“My career has changed me as a person. I look back and wonder who that confused rebel was, but now, I have the most important thing of all, my son, and he too has helped me change. I'm 40 now! I'm not the fun-loving person I used to be, but that doesn't mean I am going to end my career, not just yet...” Liz Phair
Two-time Grammy nominated singer/songwriter and sporadic actress Liz Phair first caught the eye of Matador Records with her “Girly Sound” tapes, which went on to become one of the most sought after bootlegs in alternative rock. She subsequently released “Exile in Guyville” in 1993. The album received a good response from both critics and audiences alike and was named one of VH1's “100 Greatest Albums” (1993) and one of Rolling Stone's “500 Greatest Albums of All Time” (2003).
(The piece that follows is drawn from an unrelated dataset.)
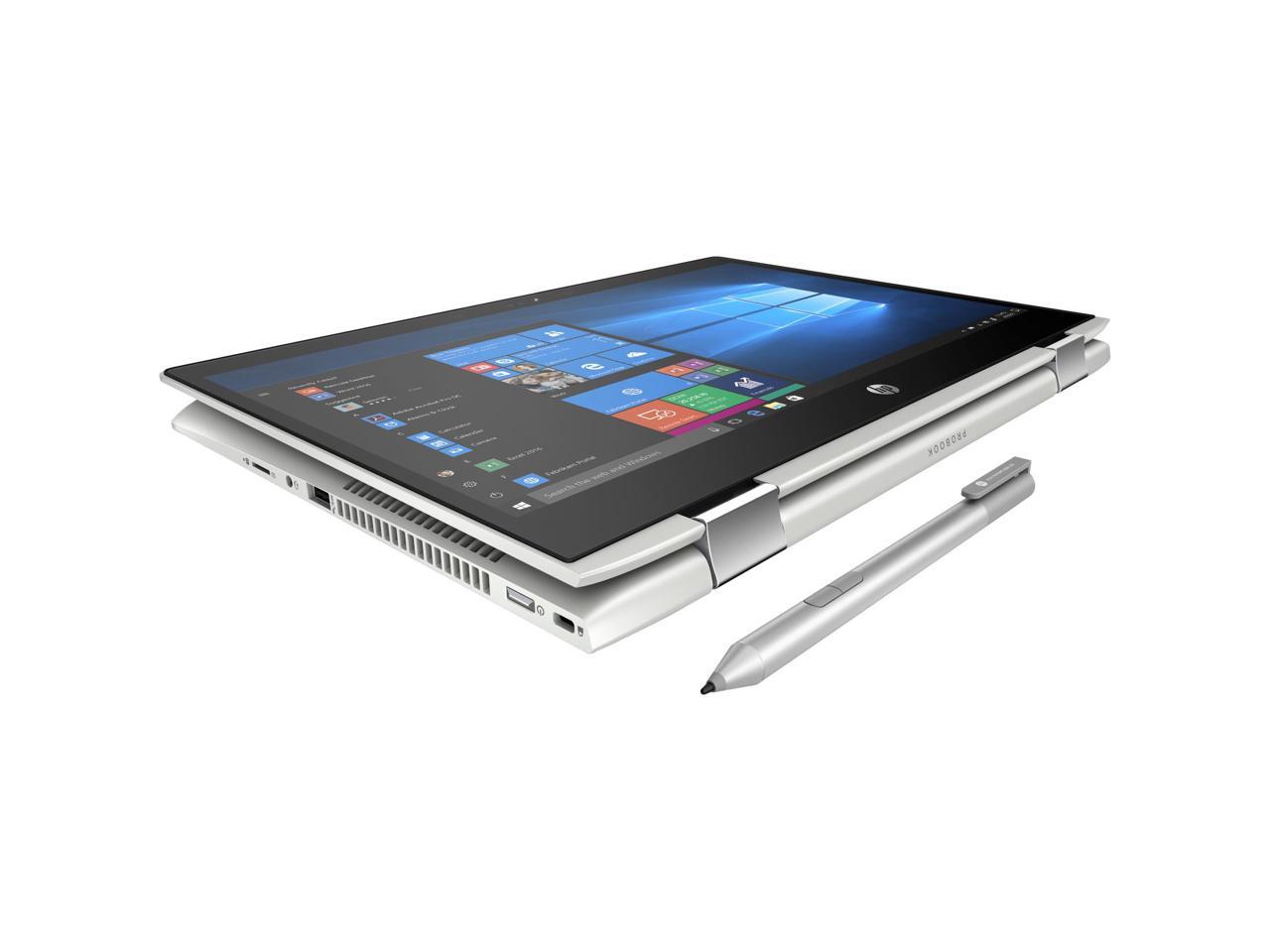 HP ProBook x360 440 G1 (4PY42UT#ABA) Intel Celeron 3865U (1.80 GHz) 4 GB Memory 128 GB SSD Intel HD Graphics 610 14" Touchscreen 1920 x 1080 Convertible 2-in-1 Laptop Windows 10 Home 64-Bit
She continued to gain recognition with the Grammy-nominated singles “Supernova” (1994), spawned from the second and gold album “Whip-Smart,” and “Don't Have Time,” which was included in the soundtrack of John Singleton's “Higher Learning” (1995). She has since released “Whitechocolatespaceegg” (1998), “Liz Phair” (2003) and “Somebody's Miracle” (2005), all of which were commercial flops. The latter two albums were released under the Capital Records label. In the music industry for more than a decade, Phair, who once ranked No. 94 on VH1's “100 Greatest Women of Rock & Roll,” has also collaborated with other artists like Material Issue, Shudder to Think, Sheryl Crow, Jimmy Eat World and Minnie Driver. On the acting front, the Connecticut-born, Chicago-raised singer/actor has appeared in the movies “Cherish” (2002, with Robin Tunney) and “Seeing Other People” (2004, with Jay Mohr).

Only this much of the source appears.